Il n'est pas facile de trancher si les deux spectacles de l'année ont davantage généré ou empêché des émeutes. L'effet paralysant de tout spectacle, en effet, y est renforcé par celui de spectacle historique, irréversible. Le sublime fascine. La fascination effraie. L'effroi soumet. Mais l'idée de l'histoire, que les gestionnaires précédents avaient réussi à éradiquer des imaginations de leurs administrés, ressuscite celle de la faire, ouvre les imaginations, les hardiesses, les possibilités. Il serait faux, en tout cas, de penser que ces deux spectacles ont été montés dans le but principal de vaincre quelque révolte ; de même, les révoltes qui ont accompagné ces spectacles ne sont-elles pas des révoltes contre ces spectacles. Ainsi continue, dans les deux camps, la dangereuse cécité qui rendait si immobile la période précédente. Réjouissons-nous toutefois qu'au contraire de ce qui était à craindre de grands spectacles non seulement ne suppriment pas la révolte, mais permettent même à sa forme première, l'émeute, de s'étendre. 

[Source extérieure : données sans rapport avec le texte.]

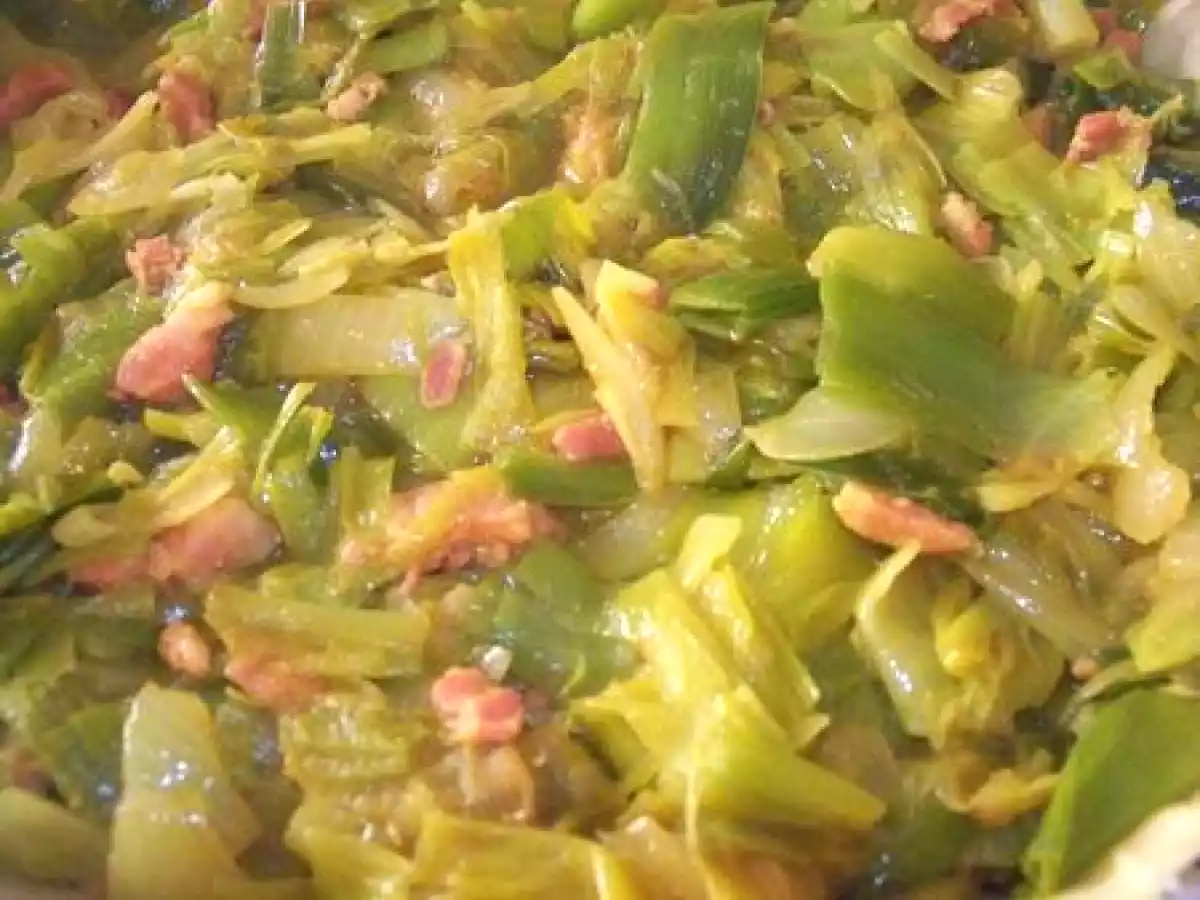 Quiche poireaux lardons curcuma curry - photo 2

La chute de l'Etat est-allemand, consécutive aux émeutes de 1989, a généré une débandade de l'Etat, qui a permis plusieurs émeutes en 1990, qui ont accéléré la réunification : cette réunification est d'abord une réunification policière. L'annexion de la RDA par la RFA est l'annexion d'une population qui a mis en fuite sa police par une autre police. Tout le reste, « Grundgesetz », « Deutsche Mark », élections, ne sont que les modalités du débat que permet cette nouvelle police ; mais c'est elle qui en est la conditio sine qua non. En effet, ce qu'on appelle « chute du stalinisme » est d'abord la chute d'une police. Tous les événements des Etats staliniens en 1990 se résument aux difficiles péripéties de la réforme de cette police. Il s'agit de réajuster l'interdit du débat à un monde qui n'est plus divisé en classes économiques, et la difficulté provient de ce que les pauvres confondent réajuster et supprimer. Les Etats occidentaux, en rejetant les Albanais d'Italie, avant-goût infime de l'ouverture des frontières soviétiques, commencent à le savoir dans la multiplication des émeutes. 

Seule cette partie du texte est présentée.